Today we will try to shed some light on one of the most mysterious german paper panzers, an assault gun based on the E-75 chassis.
A project with such little detail that is often dismissed as modeler kit bash, the stug E-75 is possibly the most elusive E-series project discussed by Ernst Kniepkamp’s team.
This gives a very ambitious project with a hefty engineering challenge.
For comparison, the Jagdtiger had a 12.8cm L/55, a gun just above 7m at 704cm.
Below, Krupp’s rejected proposal of arming Jagdtiger with a 12.8cm L/66:
At almost 8.5m long, the project was deemed unpractical as it would severely reduce maneuverability and likely gun traverse, changing it from a tank destroyer to armored artillery in Wa Pruef 6′s words.
At 7.8m, a 150mm L/52 would be halfway between the two guns in length although likely close to the latter in weight.
Assuming a relatively low recoil cannon (at this stage of the war HEAT would have been the preferred piercing warhead rather than hypervelocity APCR, especially at such high caliber) firing at no more than 600-700 m/s it’s likely casemate size requirements wouldn’t change from what would have been needed to house the 12.8cm Pak 44 and given that size would be very similar to the Jagdtiger (even the marginally longer Weserhütte plans gave out just enough room to allow rear transmission), meaning anything larger would be highly unpractical.
Assuming minimal engineering and base chassis modification efforts would be allowed (this is the E-series we’re talking about, so anything hampering ease of production would be likely avoided), this leaves us two possible possible configurations, one based on the aborted Jagdpanther mit 12.8 Pak 44 and the other being the classical Jagdtiger.

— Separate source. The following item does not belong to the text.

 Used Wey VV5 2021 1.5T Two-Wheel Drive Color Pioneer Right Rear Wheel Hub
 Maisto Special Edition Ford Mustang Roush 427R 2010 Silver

Using Doyle’s designs from Panzer Tracts 20-1 we obtain mixed drawings that might look a bit closer to what german engineers had imagined:
The former has the advantage of being closer to the original goals involving rear transmission, although a front casemate design with a long gun would present a large gun overhang, something that was considered undesirable with the long 128mm Jagdtiger proposal, although in this case the rear transmission pack would possibly provide more balance and avoid making the vehicle too nose heavy.

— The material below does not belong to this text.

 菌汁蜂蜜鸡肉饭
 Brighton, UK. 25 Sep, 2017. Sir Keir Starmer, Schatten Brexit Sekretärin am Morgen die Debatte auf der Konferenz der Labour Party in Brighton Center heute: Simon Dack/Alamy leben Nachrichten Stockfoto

The Jagdtiger-like casemate closer to the center would instead provide better balance as advantage and be closer to historical production reality as it would require relatively less production changes from the design already in the assembly lines.
All in all, given the war ended before even the early suspension tests on a Tiger II hull could be completed this represents mostly an exercise in speculation, although one extremely interesting for the historically minded war-game fan.